Our increasingly mobile and mechanized society uses a variety of different fuels (e.g., gasoline, diesel fuel, ethanol, etc.) as energy. Liquid fuels are generally stored in liquid reservoirs such as underground storage tanks, above ground tanks, or any of a variety of different containers. Typically, liquid fuel reservoirs have inlets and outlets through which fuel can be added to and/or removed from the reservoir. These inlets and outlets may typically consist of a riser pipe extending from the reservoir. Internal to the riser pipe is a drop tube that typically includes an overfill valve adapted to respond once a predetermined level is reached in the liquid reservoir. To simplify manufacture and assembly, it is also known to provided the drop tube in a plurality of segments that are fastened together in series to form an overall drop tube assembly. As shown in U.S. Pat. No. 4,986,320, for example, the drop tube assembly includes an intermediate drop tube segment having opposed ends that are each correspondingly fastened to an upper and lower drop tube segment with fasteners extending through the respective walls of the segments.
Such configurations have proven to be very effective. To further enhance the beneficial nature of previous drop tube assemblies, there is a desire to provide a substantially fluid tight seal at the fastening location between the drop tube segments. A fluid tight seal may reduce or prevent fluid, such as vapor, from being released from the ullage area of the reservoir to the interior of the drop tube that might act as a chimney to vent the fluid to the surrounding atmosphere and potentially create an environmental concern.

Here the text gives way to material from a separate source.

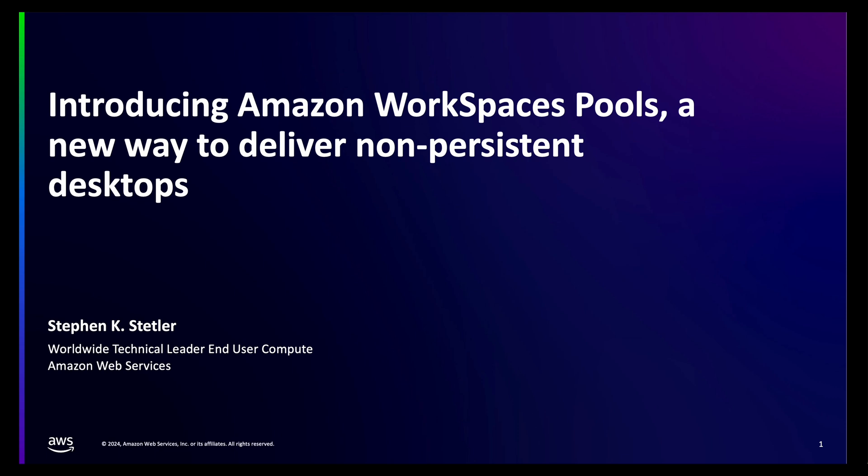We often hear from our customers that while they enjoy the benefits of our fully managed persistent desktop as a service Amazon WorkSpaces, they need a fully managed non-persistent pool desktop feature.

To address potential concerns of vapor leakage, it is known to provide fastening sections with an epoxy layer to provide a fluid-tight seal at potential leak points. For example, it is known to provide a drop tube assembly, as shown in U.S. Pat. No. 4,986,320, with a fastening arrangement as shown in FIGS. 15A or 15B of the drawings herein. Each conventional fastening arrangement illustrated in FIGS. 15A and 15B includes a layer of Loctite® epoxy-sealant for use as a cold weld bonding compound. As shown in FIG. 15A, a first drop tube segment 400 is known to include a first fastening section 402 with a tapered exterior threaded portion 408. A second drop tube segment 420 is also known to include a second fastening section comprising an adapter 424 that is fastened to an end of a tubular member 422 at a weld seam 423. The adapter 424 includes a tapered interior threaded portion 428 that threadedly engages tapered exterior threaded portion 408 of the first drop tube segment 400. In order to provide a fluid-tight seal, an epoxy layer 410 may be applied between mating portions of the threaded portions.

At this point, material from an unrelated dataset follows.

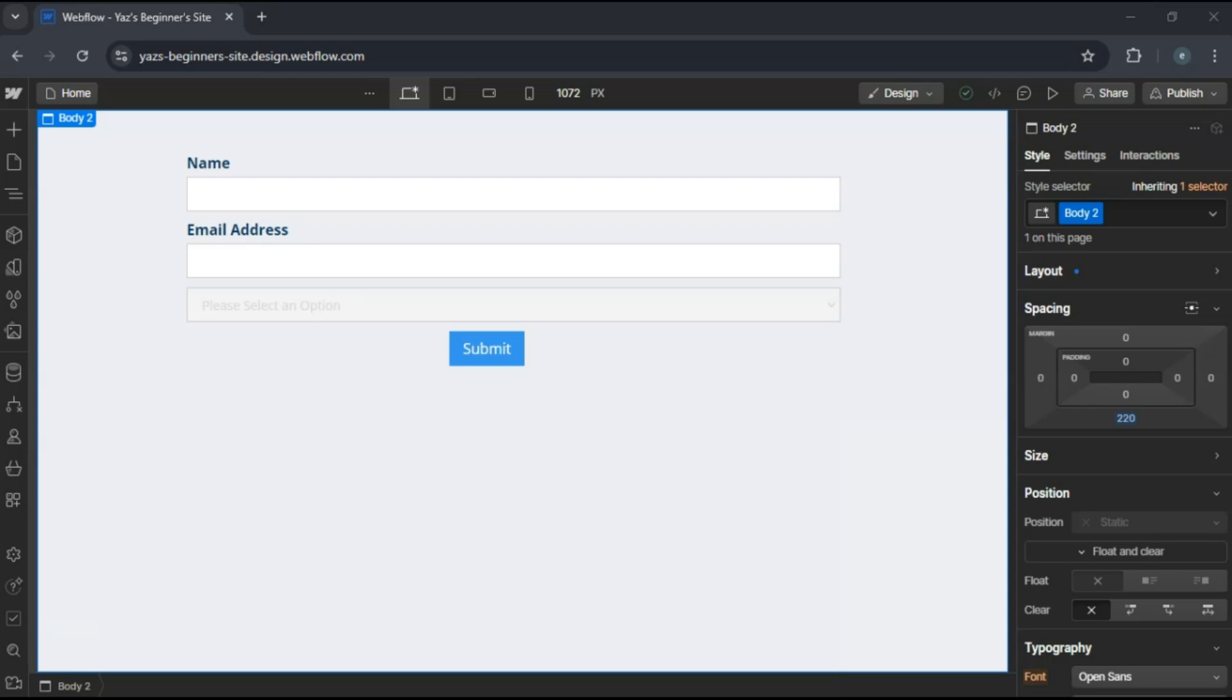Hey everyone, today I'm going to show you how to create a multi-radio drop-down in Webflow forms.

FIG. 15B illustrates another conventional fastening arrangement that includes a first drop tube segment 500 including a first fastening section 502 including a groove 508 receiving a resilient O-ring 506 and a shoulder 504 that acts as a registration stop for a second drop tube segment 520. The second drop tube segment 520 is also known to include a tubular member 522 that is inserted over the first fastening section 502 until an end of the tubular member 522 abuts the shoulder 504 of the first fastening section 502. A fastener 512 is inserted through an aperture 524 in the tubular member 522 to engage an aperture 509 defined in the first fastening section 502. In order to provide a fluid seal, an epoxy layer 510a may be applied to the first fastening section 502 prior to assembly of the first and second drop tube segments. The epoxy layer 510a is often required due to inconsistencies in the clearance between outer dimensions of the first fastening section 502 and inner dimensions of the tubular member 522. Any inconsistencies may be caused by imperfections in the outer end and/or damage to the outer end of the tubular member 522 due to the typically thin aluminum walls of the tubular member 522 which render the outer ends prone to deformation. Another epoxy layer 510b may also be applied to the area over and about the head of the fastener 512 to prevent fluid leakage through the apertures 509, 524.
Application of an epoxy layer to provide fluid-tight sealing has proven very beneficial to reduce fluid vapor leakage. However, the addition of an epoxy layer typically greatly lengthens the installation process and the epoxy layer must cure for an extended period of time before the drop tube assembly may be installed with respect to the liquid reservoir. Currently, there is a need for drop tube assemblies that comprise a plurality of sections that may be connected together for immediate installation with respect to the liquid reservoir while providing a fluid seal at the fastening location between the drop tube segments.